1 Assistant professor, Department of Mathematics and Big Data Science, Kumoh National Institute of Technology, Gyeongbuk 39177, Korea. E-mail:
Received December 20, 2023; Revised January 5, 2024; Accepted January 5, 2024.
This is an Open Access article distributed under the terms of the Creative Commons Attribution Non-Commercial License ( which permits unrestricted non-commercial use, distribution, and reproduction in any medium, provided the original work is properly cited.
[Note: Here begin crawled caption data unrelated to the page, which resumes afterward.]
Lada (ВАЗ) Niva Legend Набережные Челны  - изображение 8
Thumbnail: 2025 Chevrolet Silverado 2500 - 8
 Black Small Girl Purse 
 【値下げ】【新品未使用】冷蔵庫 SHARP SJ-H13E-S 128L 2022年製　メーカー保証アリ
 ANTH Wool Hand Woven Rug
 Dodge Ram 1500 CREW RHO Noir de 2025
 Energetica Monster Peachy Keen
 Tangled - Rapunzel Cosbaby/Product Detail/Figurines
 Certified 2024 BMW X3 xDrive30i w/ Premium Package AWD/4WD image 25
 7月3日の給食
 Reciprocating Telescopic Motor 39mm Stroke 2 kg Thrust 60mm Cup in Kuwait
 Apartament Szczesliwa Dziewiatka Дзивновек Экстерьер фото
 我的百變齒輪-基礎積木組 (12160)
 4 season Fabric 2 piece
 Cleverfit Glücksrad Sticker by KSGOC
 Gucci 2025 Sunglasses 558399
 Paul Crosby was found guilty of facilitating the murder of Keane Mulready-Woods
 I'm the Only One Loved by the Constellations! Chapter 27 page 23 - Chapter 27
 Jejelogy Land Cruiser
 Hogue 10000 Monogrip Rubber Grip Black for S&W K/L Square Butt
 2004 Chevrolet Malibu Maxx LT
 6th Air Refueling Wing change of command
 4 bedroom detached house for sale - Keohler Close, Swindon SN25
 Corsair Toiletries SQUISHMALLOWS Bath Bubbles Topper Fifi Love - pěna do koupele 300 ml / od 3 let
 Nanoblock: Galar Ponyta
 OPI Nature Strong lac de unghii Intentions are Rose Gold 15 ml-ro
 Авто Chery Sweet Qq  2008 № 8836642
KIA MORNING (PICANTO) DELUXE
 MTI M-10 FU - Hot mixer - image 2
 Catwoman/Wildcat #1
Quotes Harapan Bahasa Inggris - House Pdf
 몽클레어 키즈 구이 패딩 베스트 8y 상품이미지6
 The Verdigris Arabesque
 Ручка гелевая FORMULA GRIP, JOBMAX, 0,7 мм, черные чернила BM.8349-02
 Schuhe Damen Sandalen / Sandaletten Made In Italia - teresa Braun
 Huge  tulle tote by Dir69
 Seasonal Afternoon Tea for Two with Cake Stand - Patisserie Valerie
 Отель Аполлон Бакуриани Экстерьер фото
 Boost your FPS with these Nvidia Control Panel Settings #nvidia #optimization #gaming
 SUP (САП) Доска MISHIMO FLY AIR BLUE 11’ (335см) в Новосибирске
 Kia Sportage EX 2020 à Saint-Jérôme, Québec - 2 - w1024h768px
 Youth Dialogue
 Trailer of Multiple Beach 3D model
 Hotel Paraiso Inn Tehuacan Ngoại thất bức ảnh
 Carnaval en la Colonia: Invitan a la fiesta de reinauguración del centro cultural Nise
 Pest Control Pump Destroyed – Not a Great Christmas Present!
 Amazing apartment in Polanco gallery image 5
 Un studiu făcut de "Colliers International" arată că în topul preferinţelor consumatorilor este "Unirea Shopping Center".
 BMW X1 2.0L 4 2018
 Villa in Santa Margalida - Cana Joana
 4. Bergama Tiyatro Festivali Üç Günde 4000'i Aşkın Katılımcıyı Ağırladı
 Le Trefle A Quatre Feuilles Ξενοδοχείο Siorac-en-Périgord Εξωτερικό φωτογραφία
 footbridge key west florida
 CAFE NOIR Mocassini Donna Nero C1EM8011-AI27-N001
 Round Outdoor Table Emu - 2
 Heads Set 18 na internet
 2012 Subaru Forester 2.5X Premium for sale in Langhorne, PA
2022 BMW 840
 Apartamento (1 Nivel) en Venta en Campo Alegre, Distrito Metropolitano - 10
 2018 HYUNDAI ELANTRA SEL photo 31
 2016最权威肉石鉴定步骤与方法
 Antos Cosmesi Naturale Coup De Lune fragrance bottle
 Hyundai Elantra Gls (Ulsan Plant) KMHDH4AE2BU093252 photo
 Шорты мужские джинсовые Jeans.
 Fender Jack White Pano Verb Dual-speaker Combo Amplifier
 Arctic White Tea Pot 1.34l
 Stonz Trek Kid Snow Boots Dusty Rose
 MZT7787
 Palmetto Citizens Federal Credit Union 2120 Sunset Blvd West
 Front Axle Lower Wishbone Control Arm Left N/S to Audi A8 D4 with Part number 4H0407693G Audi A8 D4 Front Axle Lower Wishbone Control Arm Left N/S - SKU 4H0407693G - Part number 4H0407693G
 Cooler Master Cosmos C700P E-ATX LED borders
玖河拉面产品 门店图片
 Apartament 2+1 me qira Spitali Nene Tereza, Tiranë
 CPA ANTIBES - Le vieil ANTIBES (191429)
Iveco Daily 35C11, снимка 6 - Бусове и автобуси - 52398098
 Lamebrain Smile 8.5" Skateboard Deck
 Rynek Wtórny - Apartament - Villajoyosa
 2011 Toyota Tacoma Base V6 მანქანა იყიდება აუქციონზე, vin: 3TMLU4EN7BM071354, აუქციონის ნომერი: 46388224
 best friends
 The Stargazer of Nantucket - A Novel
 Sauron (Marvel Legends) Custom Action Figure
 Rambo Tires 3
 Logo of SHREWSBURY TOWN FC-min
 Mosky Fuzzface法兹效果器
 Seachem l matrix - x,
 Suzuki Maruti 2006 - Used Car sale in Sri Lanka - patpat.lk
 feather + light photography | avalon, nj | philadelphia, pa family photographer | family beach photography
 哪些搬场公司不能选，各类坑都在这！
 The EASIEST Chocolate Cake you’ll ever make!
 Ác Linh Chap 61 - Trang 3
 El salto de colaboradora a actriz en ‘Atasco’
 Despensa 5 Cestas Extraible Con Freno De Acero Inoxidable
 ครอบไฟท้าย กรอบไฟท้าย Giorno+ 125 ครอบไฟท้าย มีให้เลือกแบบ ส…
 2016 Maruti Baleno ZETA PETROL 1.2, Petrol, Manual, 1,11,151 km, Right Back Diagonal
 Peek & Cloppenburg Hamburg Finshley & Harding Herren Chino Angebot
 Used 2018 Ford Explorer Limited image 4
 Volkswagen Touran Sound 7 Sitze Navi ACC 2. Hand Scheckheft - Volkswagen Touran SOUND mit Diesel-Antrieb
Type I and Type II censoring schemes are the most common censoring schemes. However, these censoring schemes do not allow for items to be withdrew from the experiment at times other than the termination time. These motivation lead reliability practitioners directly into the area of progressive censoring. Also, the problem of examining how well a assumed distribution fits the data of a sample is of significant that has to be examined prior to any inferential process. Therefor, we derives an maximum likelihood estimator of the parameters of inverted half logistic distribution. And we introduced the goodness-of-fit test statistics (using order statistics, decile dispersion ratio and Lorenz curve) and carried out Monte Carlo simulation to compare the proposed test statistics. In addition, real data set have been analyzed.
Keywords : Decile dispersion ratio, goodness of fit test, inverted exponentiated half logistic distribution, Lorenz curve, order statistic, progressive censoring.